À la base de la grande valeur de Noé, on trouve la parfaite compréhension par son auteur du fonctionnement narratif du récit qui lui sert de référence. L’Ancien Testament a un « scénariste » tout-puissant, Dieu, qui s’autorise tous les renversements et coups de force – par exemple, inonder la planète entière et ne laisser survivre qu’un couple par espèce. Aronofsky a l’intelligence de laisser survenir ces deus ex machina naturellement présents dans Noé. Ainsi, à l’instar de son héros accomplissant la volonté divine sans la questionner, il ne dilapide pas son temps et son énergie à lutter contre le cours des choses, ou encore à le justifier inutilement ; il les préserve intacts pour tirer le meilleur de chaque nouvelle situation qui lui est commandée, et soutenir en permanence notre sidération. À l’exception de ses prologue et épilogue, moins convaincants (mais peut-être était-ce inévitable, étant donné que ces moments servent de transition entre deux mondes sans rapport, le nôtre et celui du film), Noé est une succession prodigieuse de séquences et de visions extraordinaires. Des géants de pierre aux plans tournés en silhouettes, des cauchemars aux scènes d’arrivées des animaux, Aronofsky multiplie les idées de cinéma rappelant la puissance picturale sans limites de cet art, et ses attaches innées avec ce qui relève de la magie, du surnaturel.

Il se montre tout aussi juste dans son traitement des personnages, et de la profondeur de l’ambiguïté psychologique que creusent leurs agissements et prises de position. Face à Noé, droit dans ses bottes dans son application à la lettre du plan de table venu d’en haut (pas d’humains à bord, ainsi l’espèce fautive d’avoir ravagé la Terre s’éteindra avec ses fils sans descendance), se dresse Tubal-Caïn, roi des hommes et à ce titre faisant tout ce qui est en son pouvoir pour permettre la survie de son peuple et de sa lignée. L’opposition entre ces deux figures est l’occasion pour Aronofsky de faire une nouvelle fois étalage de l’une de ses plus grandes ressources, sa gestion de notre rapport aux personnages qu’il nous fait côtoyer. Ne prenant pas parti, et ainsi ne s’interposant pas entre nous et eux, le réalisateur nous rend seuls juges de l’attraction ou de la répulsion que l’on peut ressentir. Chose rarissime dans un projet de cette carrure, il laisse nos sentiments fluctuer, dériver, notre allégeance aller vers un protagoniste puis l’autre ; avant de nous livrer sans défense ni appui à un dernier acte en huis-clos, rendu terrifiant parce qu’il n’est plus rempli que de fous malfaisants et de victimes sacrificielles. Les héros, le bien sont toujours les premiers à disparaître du tableau chez Aronofsky.

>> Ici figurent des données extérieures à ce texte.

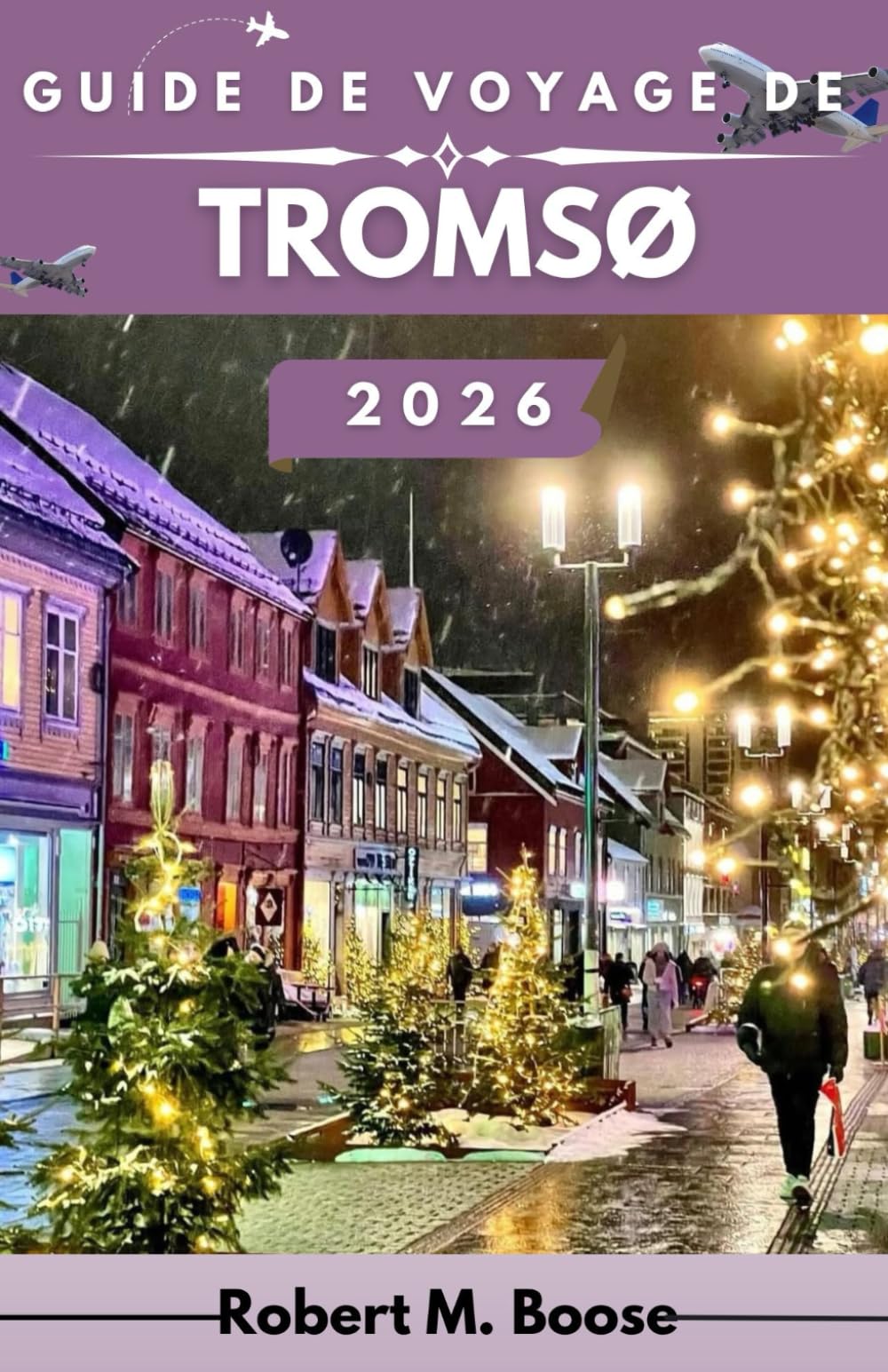 GUIDE DE VOYAGE DE TROMSØ 2026: Explorez des fjords majestueux, une culture unique et des aventures arctiques au pays du soleil de minuit et des aurores boréales.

La neutralité du cinéaste et son ingéniosité sont ses meilleures armes pour maintenir son film à bonne distance des pentes outrancières. Il n’est ni pour, ni contre la religion (comme dit plus haut, il travaille la légende de Noé sous le seul angle du cinéma, en fait un pur matériau de fiction) mais il rejette les extrémismes, et pour cela s’amuse à les prendre à revers. Le plus bel exemple en est l’intégration au récit du mythe « La Genèse garantie en six jours » : ce dernier est mis dans la bouche d’un Noé alors devenu délirant, amené au dernier stade de l’intégrisme par son péché d’orgueil plus gros que son embarcation, qui convoque cette histoire pour tenter de soutenir sa décision de massacrer des nouveau-nés – en bref, un personnage que l’on ne veut plus suivre, et encore moins prendre comme modèle. On peut également citer, dans un registre plus habile encore, la manière dont Aronofsky utilise pour sa part l’histoire de Noé. À ce jour, la frange radicale des croyants est plutôt connue pour être climato-sceptique ; or le réalisateur leur soustrait un prophète, et fait de son aventure le support à un propos écologiste tout à fait pertinent, qui ne fait pas de quartier et résonne très fortement avec l’état d’urgence actuel (un dialogue parmi d’autres : « Cette destruction peut-elle être évitée ? » « Non. »). Rien ne nous dit que Noé se déroule dans le lointain passé mythologique où on l’imagine enraciné. Après tout certaines de ses images semblent plutôt nous venir d’un futur post-apocalyptique, façon Fallout ou La route.